Who rules? Captain Kirk or Han Solo? Could a Jedi Knight use his light saber to deflect a beam from a phaser? Could a Cardassian beat a Chazrach in a fair fight? Would a Federation ship making the Kessel Run crack the Millennium Falcon’s record of less than twelve parsecs? And most important…in a fight between the Empire and the Federation, who would win? Ever since the first Trekkie walked out of Star Wars in 1977 and said “Meh!”, fans of the two stories have gone head to head over these questions. Now you can line up—side by side—aliens, technology, story points, weaponry, and heroes from the two greatest SF sagas of all time. Whether you can pronounce “Heglu’meH QaQ jajvarn!” (that’s “Today is a good day to die!” in Klingon) or can recite all the names of the members of the Imperial Senate (which meets on Coruscant), you’ll want the detailed information Matt Forbeck has compiled about both universes, as well as trivia, quizzes, quotes, and information drawn from these two iconic settings. So phasers on stun and light sabers at the ready! It’s on.

I came across this extended bit of bathroom reading material at one of the Bargain Priced book kiosks at a local Barnes & Noble, and thought the title was intriguing enough to pick up. At the very least, it would prove an amusing distraction. And it was…for about a few hours, as I happened to breeze through the entire book, cover-to-cover within a day. Which is not a bad thing, mind you; it speaks to the book’s easy accessibility.

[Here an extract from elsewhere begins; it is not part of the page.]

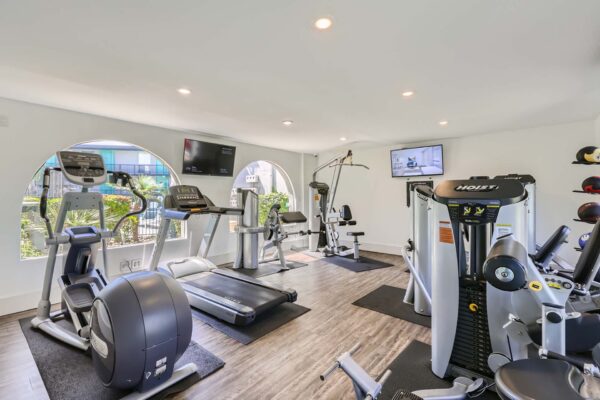 Omnia on Thomas apartments fitness center with cardio machines, weight equipment, and TV.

Star Wars Vs. Star Trek takes the ever-popular “Who Would Win In A Fight Between…?” debates that are prevalent within the various geek subcultures, and crafts amusing scenarios that pit them against each other to determine the outcome in a surprisingly logical manner. After a couple of forwards written by Jeremy Bulloch (the original Boba Fett) and Tim Russ (Tuvok from Star Trek: Voyager), and a brief introduction to set the stage for the bits to come, we’re given a list of sections that explore every aspect of both the respective universes to see which side comes out superior, from the weaponry and technology, to the alien cultures, to how bad the villains are, to the ultimate showdown between the iconic characters themselves. Stats are given for the advantages and weaknesses of each character/type, and then a brief showdown write-up is made, providing an outcome and a winner which you may or may not agree with, but at least it’s given some thought beyond the “I prefer this, ergo it will win, neener neener neener.” argument.

Star Wars Vs. Star Trek worked best as bathroom reading material, or as a distraction while riding the bus or train or whatever. I don’t see reading this more than once, though. But, just in case you were wondering who—or what—would win in a showdown between these two iconic worlds, well…it’s worth a look-see.